A Sopwith 1½ Strutter

 

A Sopwith Pup

Robert Little and his wife, Vera, had agreed that should anything happen to Richard, she would emigrate to Australia and bring up their newly born son, Alec, who was born in March 1917. This she did. The propeller of Richard’s aeroplane was fitted with a clock and presented to Vera. She re-married in the 1920’s, living until 1978 and surviving Alec by a year.

Although some more information about Little is available, including the citations for his medals, it is at this point that the story of Captain Little would normally end. However, a startling discovery has propelled this “unknown” ace into the limelight many years after his death.

It seems that the propeller clock was not the only item that made its way back to Australia.

Rooting about at the Texas Waste Transfer Station near Stanthorpe, Queensland (a waste tip) in early 2012, a ‘Gladstone’ type bag was found by someone who wishes to remain anonymous. Finding a mouse had made its nest in the contents, the finder emptied the bag of the rodent and various other items that had been used as nesting material and took the bag home.
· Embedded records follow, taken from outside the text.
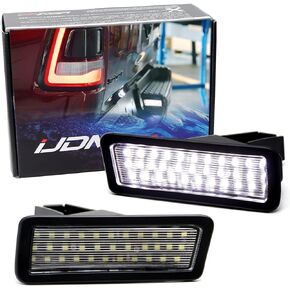 iJDMTOY OEM-Fit 3W Full LED License Plate Light Kit Compatible With 2019-up Dodge RAM 1500, 2020-up RAM 2500 3500, Powered By 18-Piece Xenon White LED Diodes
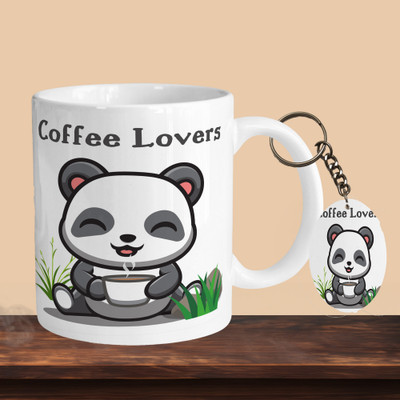 VM MALL 101_Coffee Lovers R-O Ceramic Coffee Mug(330 ml)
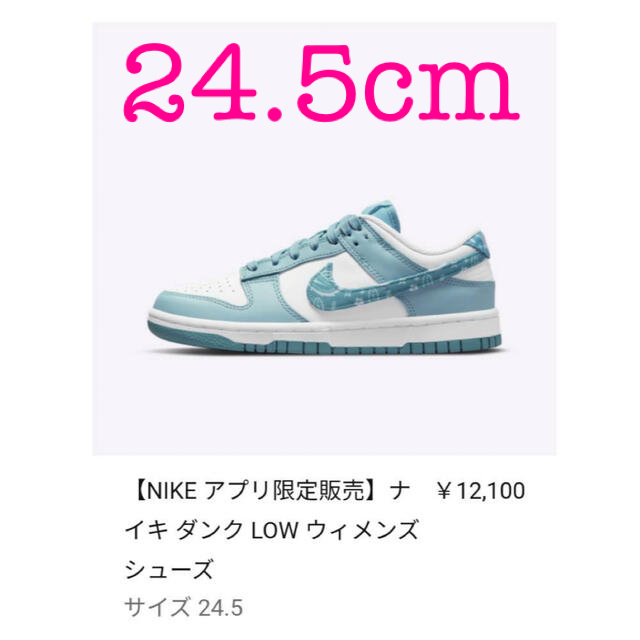 NIKE(ナイキ)のNike WMNS Dunk Low Paisley  レディースの靴/シューズ(スニーカー)の商品写真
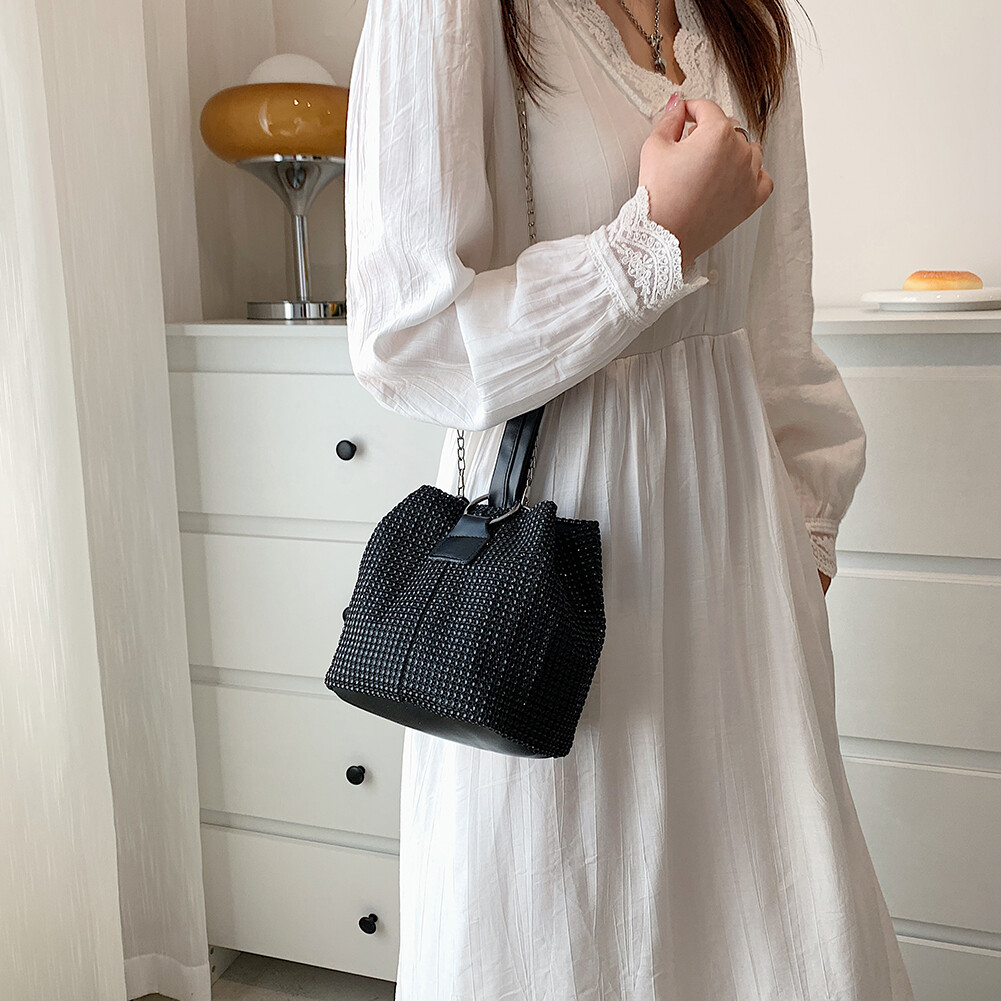 Rhinestone Fashion Handbags Women Shiny Diamonds Shoulder Messenger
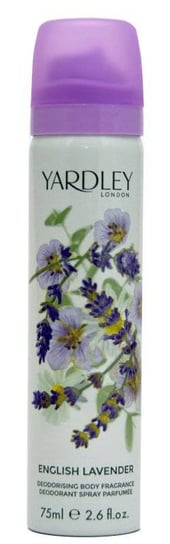 Yardley, London English Lavender, Dezodorant w sprayu Lawenda, 75 ml Yardley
There it lay for a further eighteen months. It was only a few weeks ago that the finder decided to look into the bag’s contents. Inside was a leather helmet (originally believed to be a motorcyclist’s helmet), a silk shirt, a camel-hair vest, two pairs of “long johns” and a cravat. Other items were also in the bag, but the flying helmet (as it turned out to be) was not in good condition, the fur lining having come away (possibly as a result of the mice). It did, however, contain a strange lump, which was stitched into the lining. Taking it to a friend who was a vet, the flying helmet was X-rayed and the lump was found to be a piece of metal. Using forceps, the vet extracted this and it was found to be a British gold sovereign dated 1884, wrapped in a photograph of a baby boy.

Gareth Morgan, President of the Australian Society of World War One Aero Historians takes up the story:

....a few days ago I had an email from a bloke in the Queensland town of Stanthorpe regarding an old suitcase he found on a rubbish tip in Texas, Queensland, a couple of years ago.  It contained an old flying helmet, a pair of goggles, a silk shirt, a camelhair vest, some old-fashioned underwear and some pressed flowers, and some other items.  The helmet was marked with the name “R A Little”, and “Windsor, Victoria, Australia” something that definitely caught my attention, as Australia's leading fighter pilot of the Great War was Captain Robert Alexander Little DSO* DSC* (47 victories), who came from 113 Punt Road, Windsor.  The shirt was marked with Deo Patriae Litteris - the Latin motto of Scotch College, Little’s former school.  I was immediately rather suspicious, thinking of some small-scale ‘Hitler Diaries’ type hoax – the information about Little’s life and times could have come from Wikipedia, which tells us that he went to Scotch College and that he collected wildflowers as a hobby.  Was I dealing with an honest country lad, or someone who had an idea of ending up with a fatter wallet?

Scotch College, circa 1906.

….I was apprehensive, and wondering how to verify that these were really genuine Little artefacts – the chance seemed pretty slender – when I thought of Mike Rosel, and his book Unknown Warrior.  After seeing the form of the lettering on the cover of one of Little’s logbooks sent to me by Mike, and realising that it was very close to the style in the helmet, I thought that we couldn't take a chance of the finder opting to sell the stuff to a collector.  There was an anxious moment or two when I saw that the finder had been enquiring about the value of the items on a couple of online forums, and at this point came the news about the X-ray at the vet and the finding of the coin and photo.  I tried to persuade him that a museum was the best place, and that the Fleet Air Arm Museum [Nowra, New South Wales, Australia] was the most suitable, at the same time alerting the Museum’s Manager, who acted very quickly and arranged for a handover.  The Manager was up in Queensland about two days later, and brought the bag and contents back to Nowra last Saturday.  The finder was keen for the items to go to a small-ish museum, rather than somewhere like the Australian War Memorial, where they might disappear into the vaults, never to be seen again, so it all worked out very well.  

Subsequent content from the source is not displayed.